WHAT TO DO
Would you give the entries again word for word, with no pictures in the copy?

SOURCE INFORMATION
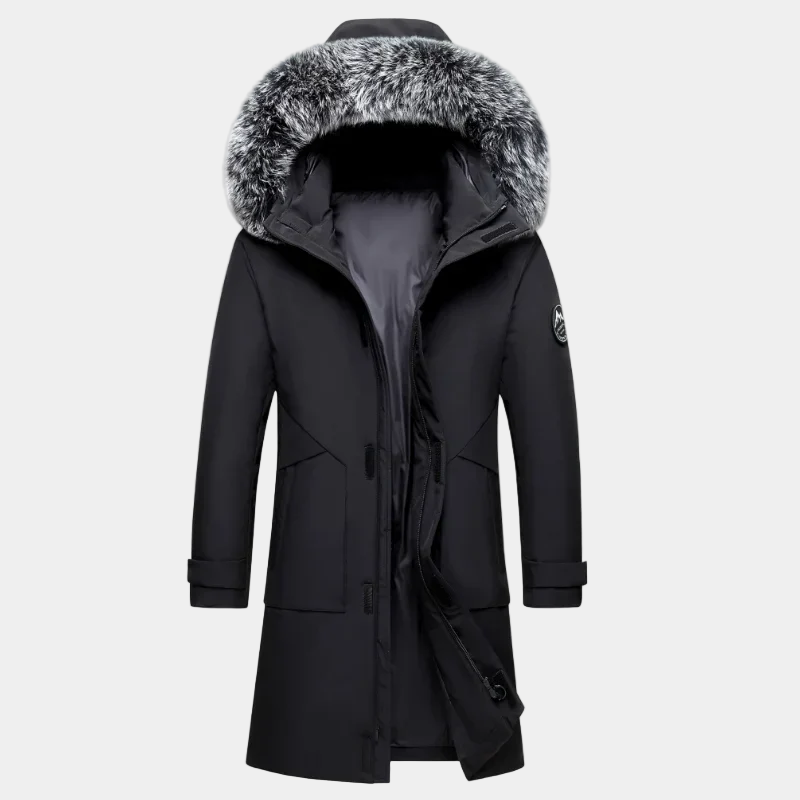Men's Long Parka with Fur Collar | Warmth and style for cold days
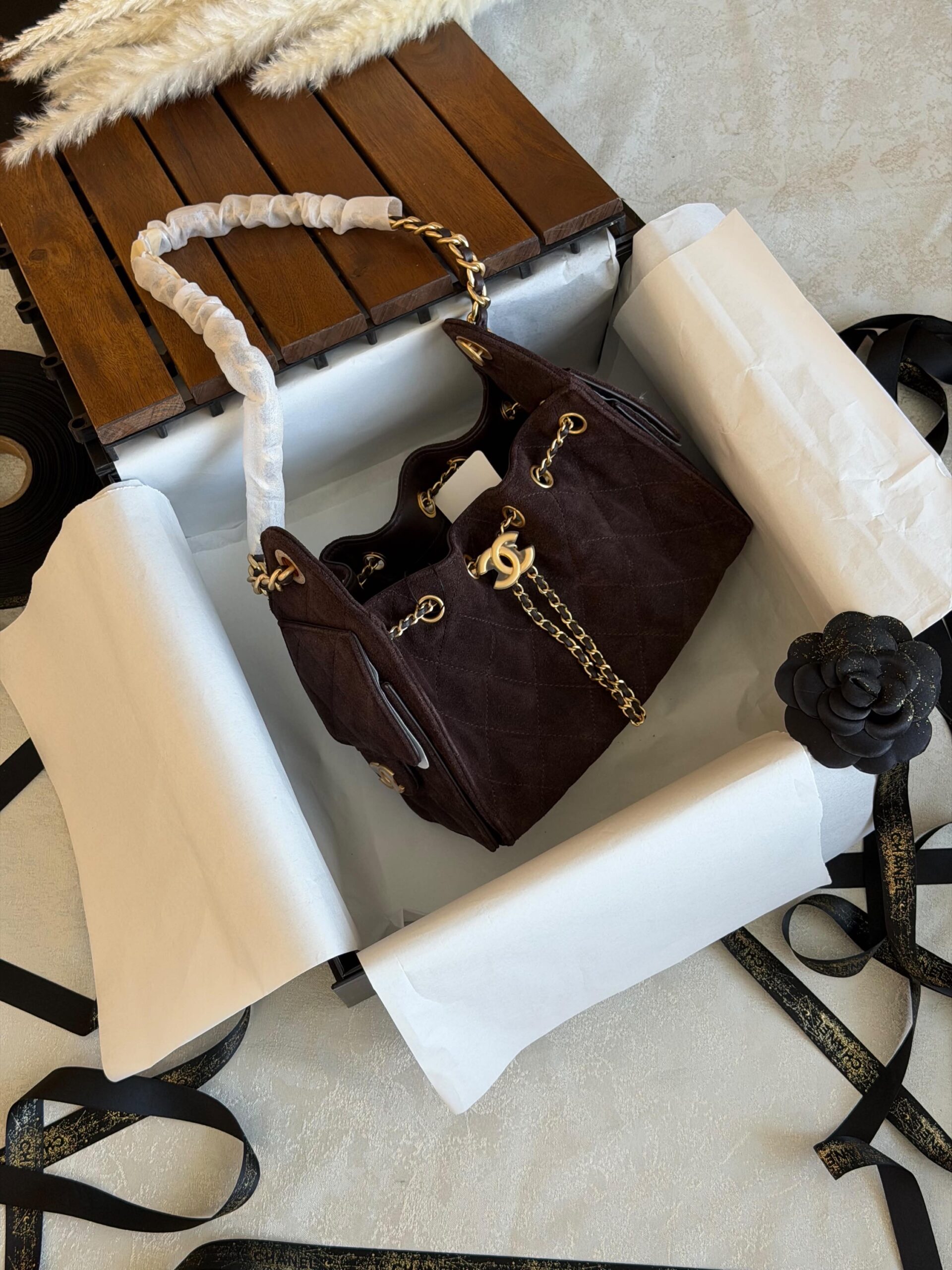 Chanel 25 Mini HandBag Suede Calfskin And Features Gold Metal Hardware - Image 20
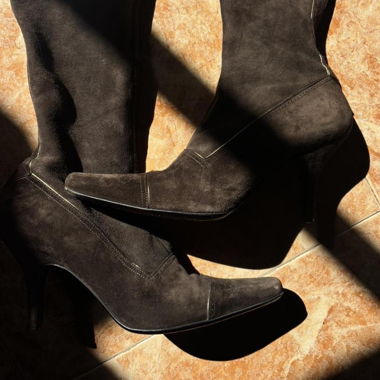Prada brown suede knee-high boots
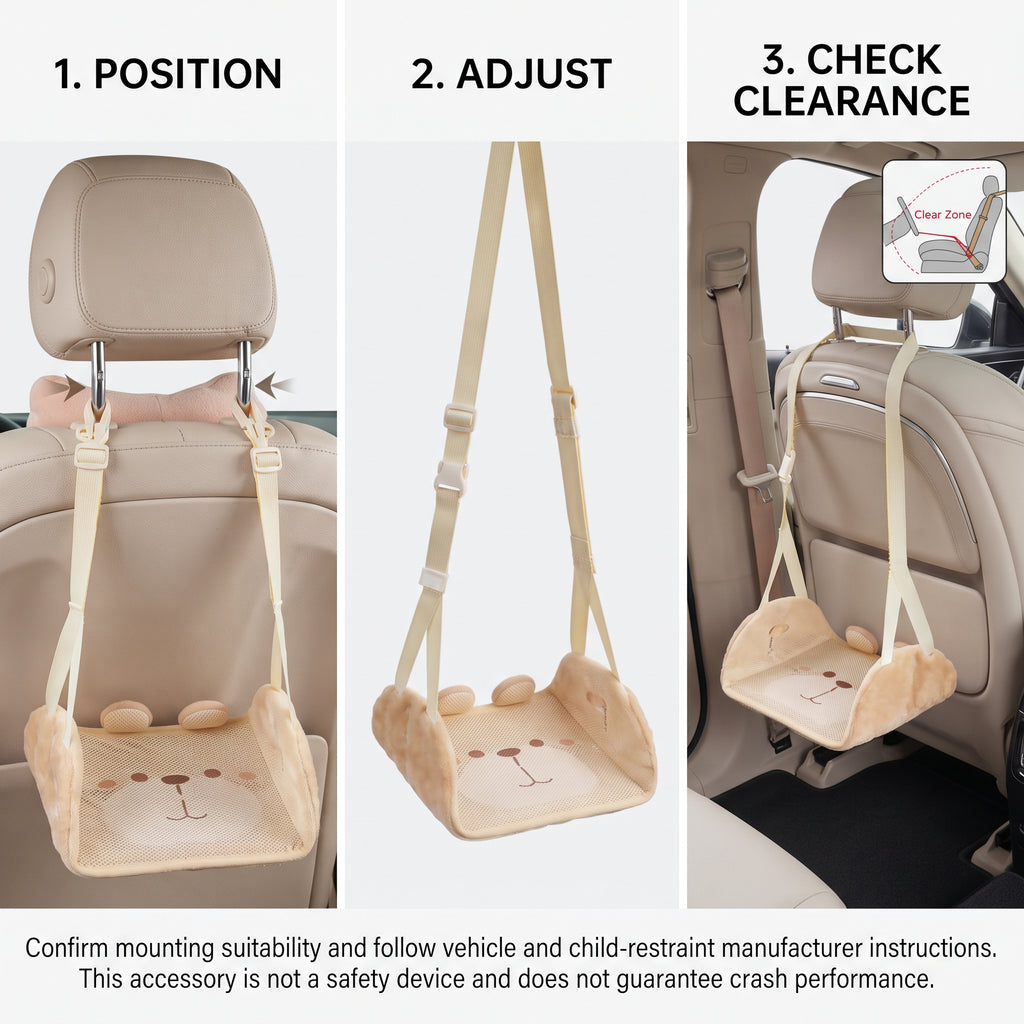 Hanging Car Footrest for Kids With Animal Design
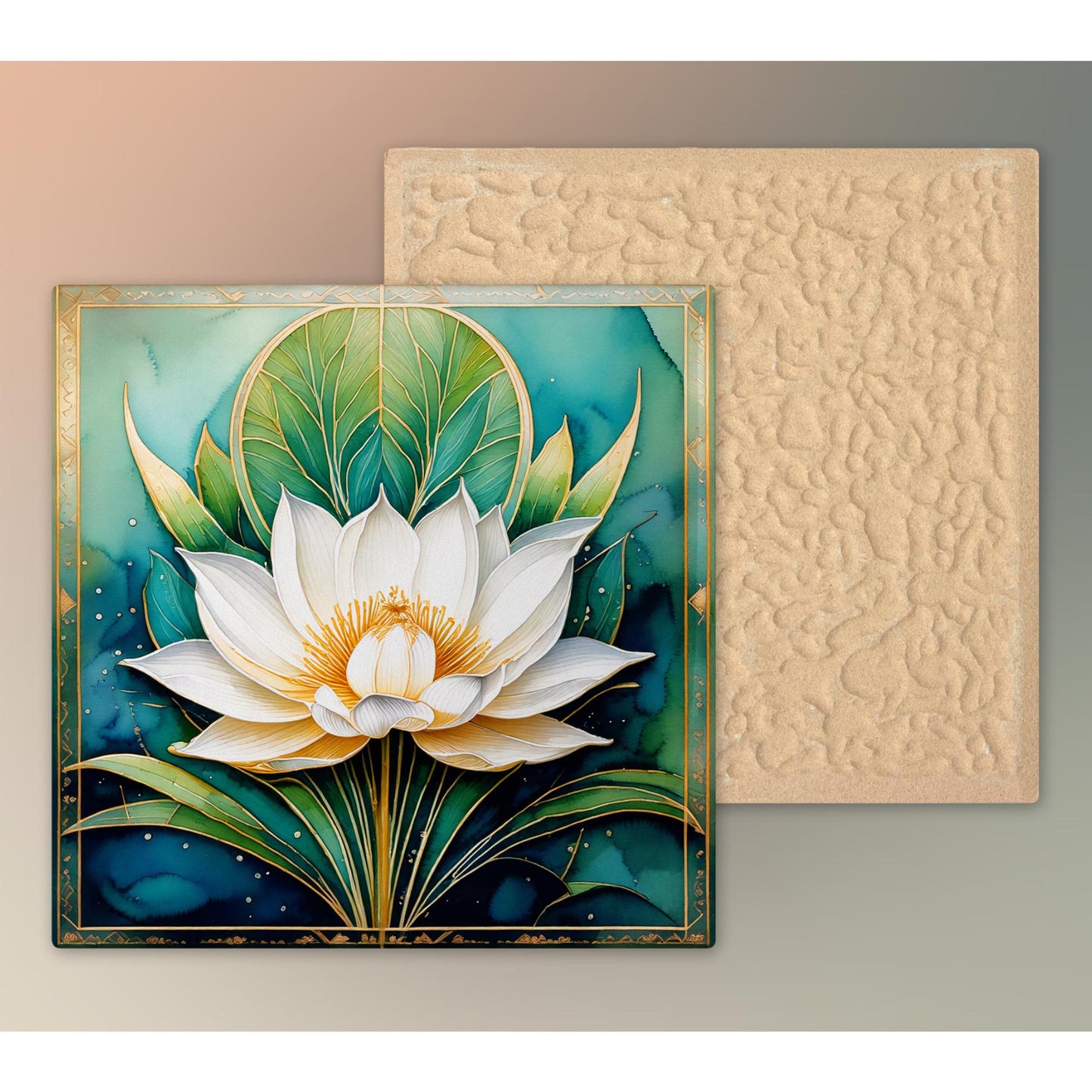 White Lotus Flower Ceramic Tile Art, Elegant Flower Wall Decor for Yoga & Meditation, Spiritual Mindfulness Gift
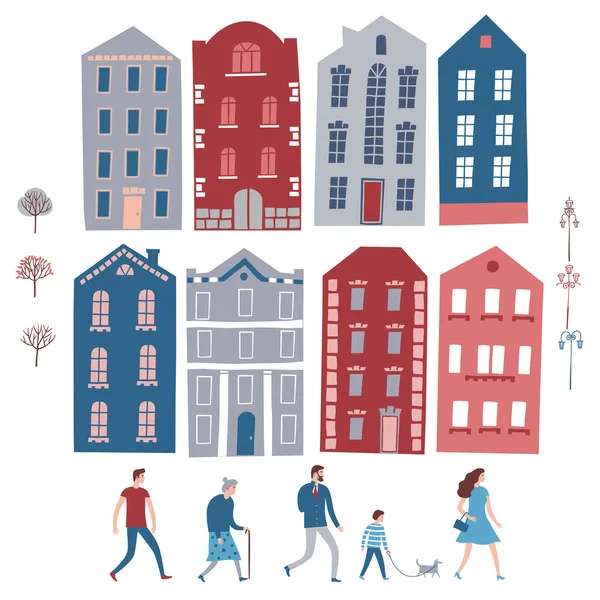 Constructeur de ville avec maisons, personnes, arbres, lampadaires . — Image vectorielle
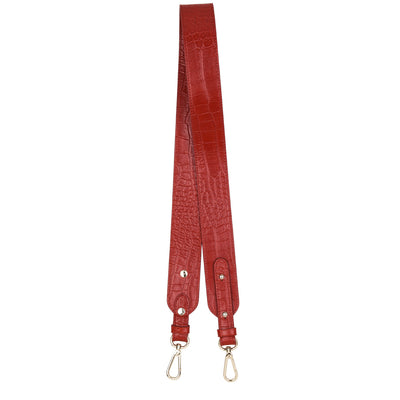 bandoulière - accessoires bandoulières cuir #couleur_rouge-croco
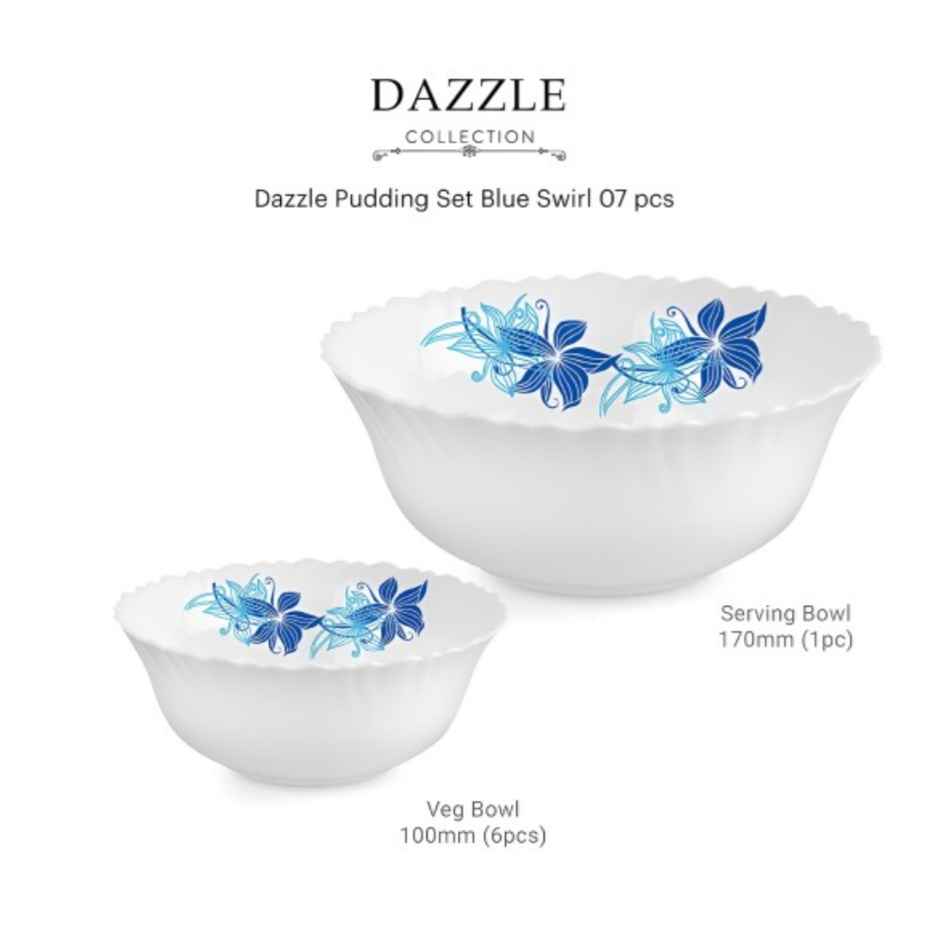 Cello Blue Swirl Dazzle Series Opalware Pudding Set Microwave & Dishwasher Safe Set Of 7 White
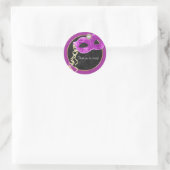 Rond Sticker Merci Masquerade Party - rose chaud (Sac)
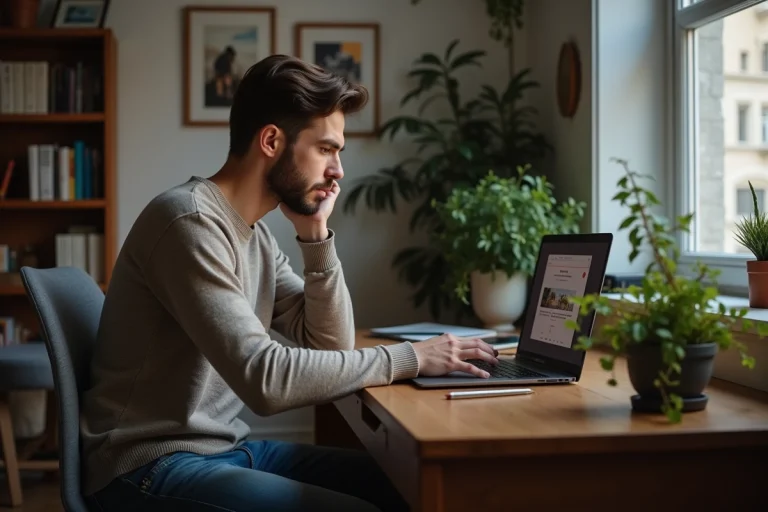Jeune homme concentré regardant un avertissement streaming
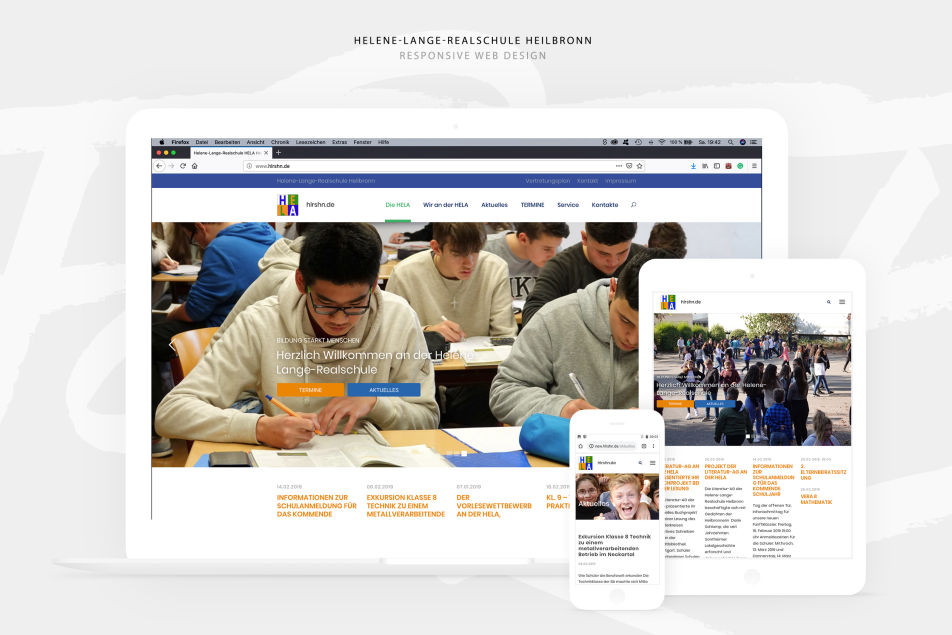 Die neue Webseite der Helene-Lange-Realschule in Heilbronn ist modern, mobilfreundlich und informativ.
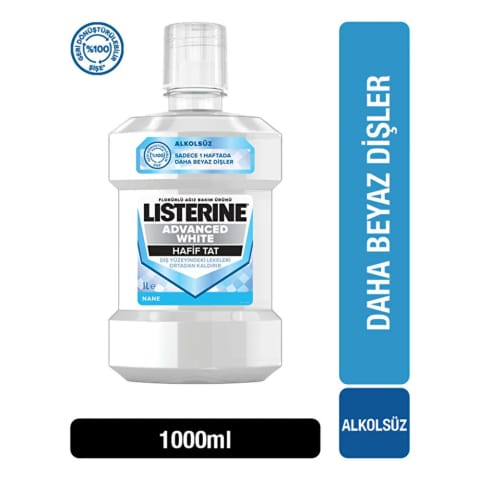لیسترین Advanced White دهانشویه طعم ملایم 1000 میلیلیتر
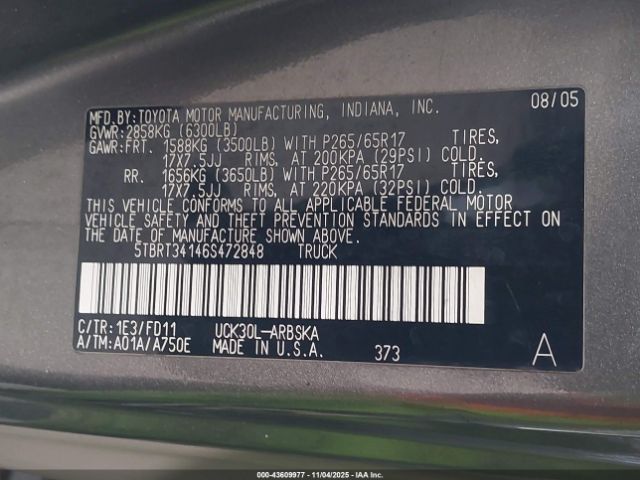 2006 TOYOTA TUNDRA 5TBRT34146S472848 Photo 8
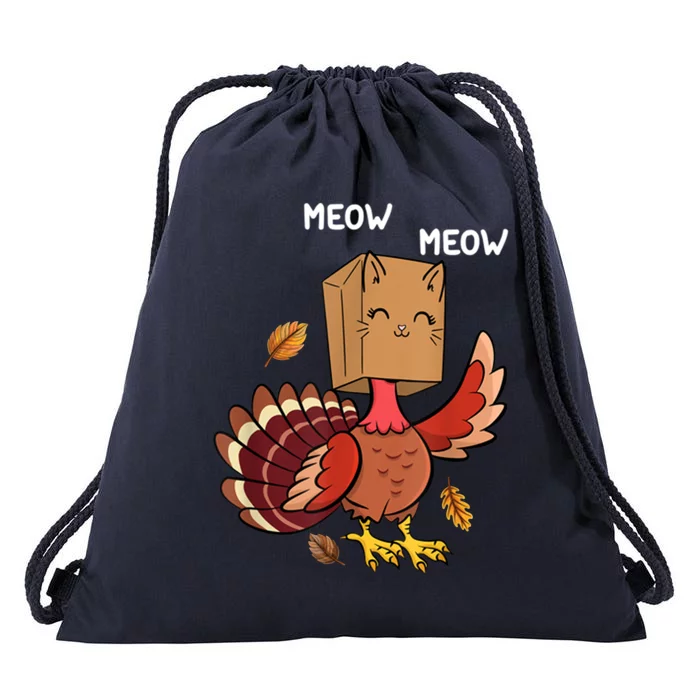 Meow Cat Funny Thanksgiving Turkey Drawstring Bag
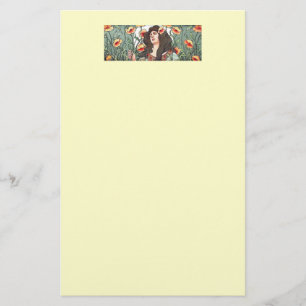 Jugendstildame mit Mohnblütenstern Stationary Blum Briefpapier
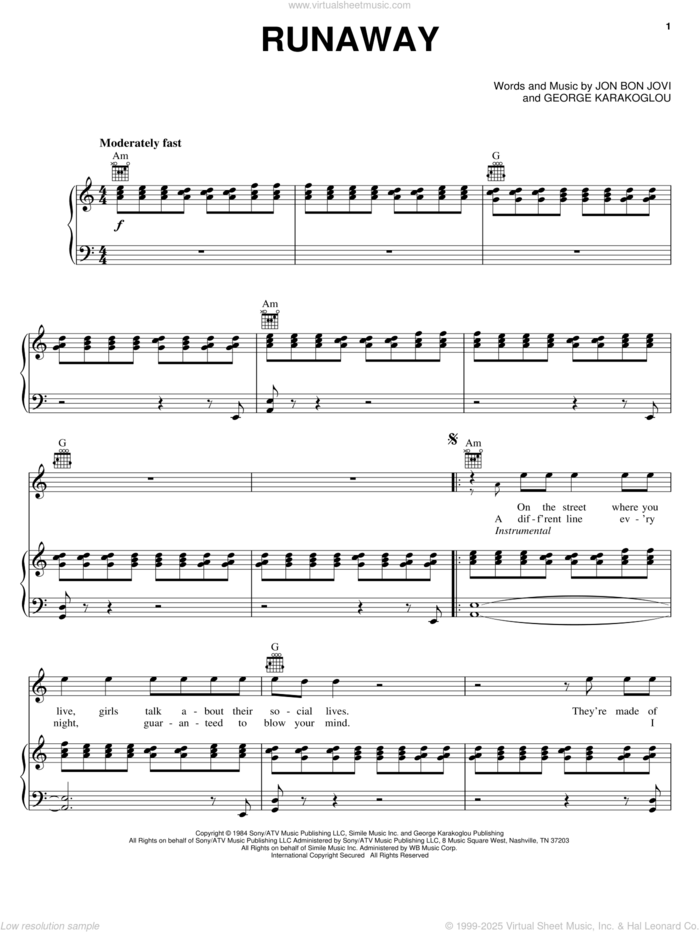 Runaway sheet music for voice, piano or guitar by Bon Jovi and George Karak, intermediate skill level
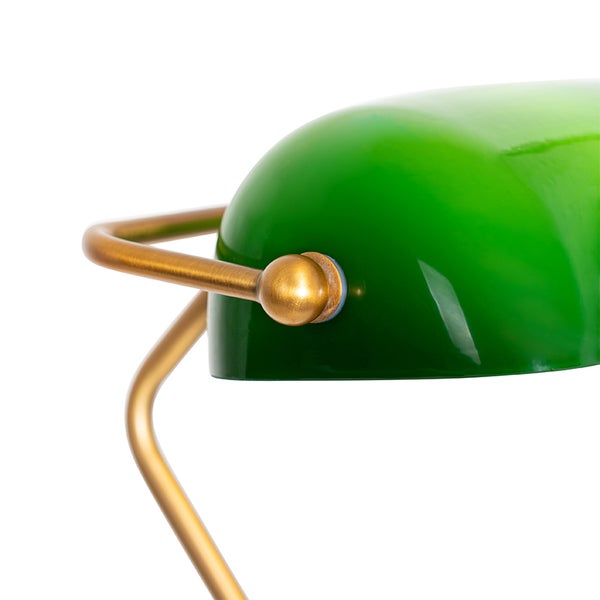 Klassische Notar-Stehlampe Bronze mit grünem Glas - Banker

EXERCISE SOLUTION
Men's Long Parka with Fur Collar | Warmth and style for cold days
 Chanel 25 Mini HandBag Suede Calfskin And Features Gold Metal Hardware - Image 20
Prada brown suede knee-high boots
 Hanging Car Footrest for Kids With Animal Design
 White Lotus Flower Ceramic Tile Art, Elegant Flower Wall Decor for Yoga & Meditation, Spiritual Mindfulness Gift
 Constructeur de ville avec maisons, personnes, arbres, lampadaires . — Image vectorielle
 bandoulière - accessoires bandoulières cuir #couleur_rouge-croco
 Cello Blue Swirl Dazzle Series Opalware Pudding Set Microwave & Dishwasher Safe Set Of 7 White
 Rond Sticker Merci Masquerade Party - rose chaud (Sac)
Jeune homme concentré regardant un avertissement streaming
 Die neue Webseite der Helene-Lange-Realschule in Heilbronn ist modern, mobilfreundlich und informativ.
لیسترین Advanced White دهانشویه طعم ملایم 1000 میلیلیتر
 2006 TOYOTA TUNDRA 5TBRT34146S472848 Photo 8
 Meow Cat Funny Thanksgiving Turkey Drawstring Bag
 Jugendstildame mit Mohnblütenstern Stationary Blum Briefpapier
 Runaway sheet music for voice, piano or guitar by Bon Jovi and George Karak, intermediate skill level
 Klassische Notar-Stehlampe Bronze mit grünem Glas - Banker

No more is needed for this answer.